PROBLEM »
Write out exactly the lines of the entries below from the one holding "burberry boots price" to the one holding "4567 NW 90th Avenue, Sunrise FL 33351", inclusive, and leave out all other lines.

TASK INPUT »

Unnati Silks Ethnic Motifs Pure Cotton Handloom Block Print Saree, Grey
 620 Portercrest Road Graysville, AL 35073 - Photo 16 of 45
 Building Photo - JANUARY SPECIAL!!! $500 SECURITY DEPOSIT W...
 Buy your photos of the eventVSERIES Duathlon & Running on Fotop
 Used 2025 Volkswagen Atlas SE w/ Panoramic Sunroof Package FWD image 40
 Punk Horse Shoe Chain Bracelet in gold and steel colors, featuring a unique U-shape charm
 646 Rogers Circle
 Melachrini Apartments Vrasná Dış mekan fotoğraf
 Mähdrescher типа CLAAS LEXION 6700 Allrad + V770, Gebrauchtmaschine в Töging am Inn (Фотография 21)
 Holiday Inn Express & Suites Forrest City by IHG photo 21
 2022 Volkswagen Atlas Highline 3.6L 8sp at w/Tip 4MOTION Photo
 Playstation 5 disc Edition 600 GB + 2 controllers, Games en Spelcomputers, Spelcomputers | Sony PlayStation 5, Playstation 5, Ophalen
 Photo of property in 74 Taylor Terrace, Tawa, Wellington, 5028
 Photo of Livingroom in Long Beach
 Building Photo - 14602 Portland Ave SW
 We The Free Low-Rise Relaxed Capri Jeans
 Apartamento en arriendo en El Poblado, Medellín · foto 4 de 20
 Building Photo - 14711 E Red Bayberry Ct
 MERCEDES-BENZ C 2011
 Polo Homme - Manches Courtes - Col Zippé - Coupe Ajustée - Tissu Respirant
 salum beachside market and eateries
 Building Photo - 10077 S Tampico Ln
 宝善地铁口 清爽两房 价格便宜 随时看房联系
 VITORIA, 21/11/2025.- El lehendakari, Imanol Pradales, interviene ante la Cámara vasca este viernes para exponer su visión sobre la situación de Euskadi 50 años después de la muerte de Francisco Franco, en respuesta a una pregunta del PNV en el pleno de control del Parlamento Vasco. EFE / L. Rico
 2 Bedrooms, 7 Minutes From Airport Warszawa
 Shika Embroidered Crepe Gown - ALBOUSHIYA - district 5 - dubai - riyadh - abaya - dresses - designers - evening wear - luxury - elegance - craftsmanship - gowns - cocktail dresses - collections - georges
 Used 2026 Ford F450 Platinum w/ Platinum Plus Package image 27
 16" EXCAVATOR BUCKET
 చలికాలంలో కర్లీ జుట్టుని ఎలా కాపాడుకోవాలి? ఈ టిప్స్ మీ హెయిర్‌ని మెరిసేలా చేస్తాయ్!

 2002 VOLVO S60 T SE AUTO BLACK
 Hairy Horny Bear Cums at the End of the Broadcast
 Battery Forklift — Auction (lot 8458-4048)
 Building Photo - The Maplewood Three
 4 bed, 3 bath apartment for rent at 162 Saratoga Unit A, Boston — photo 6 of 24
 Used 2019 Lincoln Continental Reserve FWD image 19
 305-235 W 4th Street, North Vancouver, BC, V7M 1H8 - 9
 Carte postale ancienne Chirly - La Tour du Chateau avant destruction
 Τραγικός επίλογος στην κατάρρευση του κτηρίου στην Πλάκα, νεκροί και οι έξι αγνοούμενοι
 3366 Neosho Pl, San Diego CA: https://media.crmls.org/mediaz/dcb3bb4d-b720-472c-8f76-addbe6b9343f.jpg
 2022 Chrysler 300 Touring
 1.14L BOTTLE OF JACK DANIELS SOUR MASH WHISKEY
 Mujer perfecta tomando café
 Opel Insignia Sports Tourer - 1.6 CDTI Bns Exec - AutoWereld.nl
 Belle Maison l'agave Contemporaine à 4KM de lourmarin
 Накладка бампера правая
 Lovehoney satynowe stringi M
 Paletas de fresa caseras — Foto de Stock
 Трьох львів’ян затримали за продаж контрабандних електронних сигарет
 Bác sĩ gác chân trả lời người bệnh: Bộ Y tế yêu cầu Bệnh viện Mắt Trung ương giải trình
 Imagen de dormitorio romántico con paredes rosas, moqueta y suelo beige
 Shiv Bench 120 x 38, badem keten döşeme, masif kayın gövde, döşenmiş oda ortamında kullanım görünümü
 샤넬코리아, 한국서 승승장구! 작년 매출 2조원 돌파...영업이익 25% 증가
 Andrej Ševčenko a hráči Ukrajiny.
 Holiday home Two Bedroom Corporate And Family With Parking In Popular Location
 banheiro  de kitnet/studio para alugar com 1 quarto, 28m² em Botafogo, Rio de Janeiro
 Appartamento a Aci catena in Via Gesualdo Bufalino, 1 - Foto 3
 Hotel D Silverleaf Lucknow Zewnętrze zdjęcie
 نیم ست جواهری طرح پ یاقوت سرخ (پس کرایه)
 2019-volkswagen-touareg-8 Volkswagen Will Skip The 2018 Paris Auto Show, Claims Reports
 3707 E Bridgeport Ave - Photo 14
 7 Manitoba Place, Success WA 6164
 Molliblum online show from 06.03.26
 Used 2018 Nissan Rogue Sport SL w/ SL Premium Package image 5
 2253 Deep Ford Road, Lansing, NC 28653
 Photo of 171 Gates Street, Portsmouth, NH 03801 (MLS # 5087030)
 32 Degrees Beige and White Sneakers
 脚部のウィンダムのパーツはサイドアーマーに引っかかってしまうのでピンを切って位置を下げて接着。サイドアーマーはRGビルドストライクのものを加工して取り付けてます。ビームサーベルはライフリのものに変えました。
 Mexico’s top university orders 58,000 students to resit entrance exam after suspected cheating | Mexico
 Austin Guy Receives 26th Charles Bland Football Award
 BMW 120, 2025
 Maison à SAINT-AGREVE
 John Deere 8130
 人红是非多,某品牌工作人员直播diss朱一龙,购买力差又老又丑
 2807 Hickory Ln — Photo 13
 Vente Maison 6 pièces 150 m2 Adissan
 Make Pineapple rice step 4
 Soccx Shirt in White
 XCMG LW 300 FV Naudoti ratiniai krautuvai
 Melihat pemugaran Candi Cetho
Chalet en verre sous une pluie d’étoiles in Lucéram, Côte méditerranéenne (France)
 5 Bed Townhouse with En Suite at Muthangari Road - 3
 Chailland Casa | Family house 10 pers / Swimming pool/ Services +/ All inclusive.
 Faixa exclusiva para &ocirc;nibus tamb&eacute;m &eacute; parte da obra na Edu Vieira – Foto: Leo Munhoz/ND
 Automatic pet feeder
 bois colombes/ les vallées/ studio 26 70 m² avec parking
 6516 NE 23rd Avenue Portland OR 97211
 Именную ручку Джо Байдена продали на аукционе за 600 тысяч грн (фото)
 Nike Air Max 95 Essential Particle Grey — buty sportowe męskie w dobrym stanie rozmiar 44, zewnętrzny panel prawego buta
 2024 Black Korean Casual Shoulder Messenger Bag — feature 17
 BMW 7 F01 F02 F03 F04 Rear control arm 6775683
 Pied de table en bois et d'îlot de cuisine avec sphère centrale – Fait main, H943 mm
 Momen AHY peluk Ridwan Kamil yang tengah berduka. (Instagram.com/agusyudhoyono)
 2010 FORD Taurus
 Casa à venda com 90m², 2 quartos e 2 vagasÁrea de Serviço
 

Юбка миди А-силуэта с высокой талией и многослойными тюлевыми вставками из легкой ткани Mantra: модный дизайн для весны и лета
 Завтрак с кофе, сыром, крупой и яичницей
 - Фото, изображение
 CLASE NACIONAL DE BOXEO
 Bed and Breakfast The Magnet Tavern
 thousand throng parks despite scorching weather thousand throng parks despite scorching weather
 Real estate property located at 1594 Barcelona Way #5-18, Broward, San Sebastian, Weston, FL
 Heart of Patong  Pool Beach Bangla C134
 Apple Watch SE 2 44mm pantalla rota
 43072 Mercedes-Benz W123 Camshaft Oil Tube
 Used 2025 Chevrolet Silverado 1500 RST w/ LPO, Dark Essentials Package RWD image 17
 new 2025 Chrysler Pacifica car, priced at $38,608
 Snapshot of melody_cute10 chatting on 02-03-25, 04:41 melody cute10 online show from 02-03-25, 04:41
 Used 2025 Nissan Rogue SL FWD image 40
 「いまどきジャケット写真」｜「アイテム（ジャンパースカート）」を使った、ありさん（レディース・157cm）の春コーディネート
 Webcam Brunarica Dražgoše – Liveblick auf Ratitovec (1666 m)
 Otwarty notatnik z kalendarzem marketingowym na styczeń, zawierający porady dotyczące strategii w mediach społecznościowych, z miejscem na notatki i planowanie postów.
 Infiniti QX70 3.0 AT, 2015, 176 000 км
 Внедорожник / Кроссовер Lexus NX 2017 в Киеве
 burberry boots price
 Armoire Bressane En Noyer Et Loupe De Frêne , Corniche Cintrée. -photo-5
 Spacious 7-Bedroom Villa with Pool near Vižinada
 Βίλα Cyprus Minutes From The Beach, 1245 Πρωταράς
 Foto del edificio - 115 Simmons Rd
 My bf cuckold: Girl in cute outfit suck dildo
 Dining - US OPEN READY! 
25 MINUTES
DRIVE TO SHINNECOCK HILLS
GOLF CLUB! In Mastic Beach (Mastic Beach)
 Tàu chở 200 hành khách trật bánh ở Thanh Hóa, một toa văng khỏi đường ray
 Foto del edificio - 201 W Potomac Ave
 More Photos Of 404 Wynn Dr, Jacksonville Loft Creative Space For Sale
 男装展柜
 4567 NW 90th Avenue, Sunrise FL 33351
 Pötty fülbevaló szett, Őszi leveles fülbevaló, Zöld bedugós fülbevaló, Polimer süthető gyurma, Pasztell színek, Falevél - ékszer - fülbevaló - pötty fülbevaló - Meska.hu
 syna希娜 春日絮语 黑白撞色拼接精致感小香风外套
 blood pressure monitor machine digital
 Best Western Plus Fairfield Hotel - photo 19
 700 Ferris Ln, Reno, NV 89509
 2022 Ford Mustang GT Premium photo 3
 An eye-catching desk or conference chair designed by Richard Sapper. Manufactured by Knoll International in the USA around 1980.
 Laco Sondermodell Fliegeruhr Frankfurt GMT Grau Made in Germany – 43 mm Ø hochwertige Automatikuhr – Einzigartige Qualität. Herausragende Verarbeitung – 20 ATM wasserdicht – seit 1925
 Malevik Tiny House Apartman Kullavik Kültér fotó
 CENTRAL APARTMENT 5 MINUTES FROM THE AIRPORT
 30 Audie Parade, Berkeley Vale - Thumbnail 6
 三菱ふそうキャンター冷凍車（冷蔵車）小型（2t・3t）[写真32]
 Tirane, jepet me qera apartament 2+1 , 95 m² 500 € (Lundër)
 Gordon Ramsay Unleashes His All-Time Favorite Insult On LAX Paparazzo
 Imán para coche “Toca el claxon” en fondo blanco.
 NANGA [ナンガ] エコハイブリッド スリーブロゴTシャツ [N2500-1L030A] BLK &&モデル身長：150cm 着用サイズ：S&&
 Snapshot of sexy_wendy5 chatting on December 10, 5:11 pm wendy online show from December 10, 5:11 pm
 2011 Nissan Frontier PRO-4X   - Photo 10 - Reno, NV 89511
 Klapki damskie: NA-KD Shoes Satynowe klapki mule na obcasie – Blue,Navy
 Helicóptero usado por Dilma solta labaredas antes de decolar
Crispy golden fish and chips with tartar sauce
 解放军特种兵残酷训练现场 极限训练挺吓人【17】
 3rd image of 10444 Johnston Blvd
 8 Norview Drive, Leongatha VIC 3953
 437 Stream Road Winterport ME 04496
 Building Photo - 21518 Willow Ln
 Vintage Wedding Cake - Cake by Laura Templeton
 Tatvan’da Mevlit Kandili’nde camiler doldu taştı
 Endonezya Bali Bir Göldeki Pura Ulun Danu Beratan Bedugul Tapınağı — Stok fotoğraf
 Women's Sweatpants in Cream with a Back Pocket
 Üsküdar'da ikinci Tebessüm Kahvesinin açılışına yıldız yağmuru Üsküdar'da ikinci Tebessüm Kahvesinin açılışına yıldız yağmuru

OUTPUT FOR THIS TASK »
 burberry boots price
 Armoire Bressane En Noyer Et Loupe De Frêne , Corniche Cintrée. -photo-5
 Spacious 7-Bedroom Villa with Pool near Vižinada
 Βίλα Cyprus Minutes From The Beach, 1245 Πρωταράς
 Foto del edificio - 115 Simmons Rd
 My bf cuckold: Girl in cute outfit suck dildo
 Dining - US OPEN READY! 
25 MINUTES
DRIVE TO SHINNECOCK HILLS
GOLF CLUB! In Mastic Beach (Mastic Beach)
 Tàu chở 200 hành khách trật bánh ở Thanh Hóa, một toa văng khỏi đường ray
 Foto del edificio - 201 W Potomac Ave
 More Photos Of 404 Wynn Dr, Jacksonville Loft Creative Space For Sale
 男装展柜
 4567 NW 90th Avenue, Sunrise FL 33351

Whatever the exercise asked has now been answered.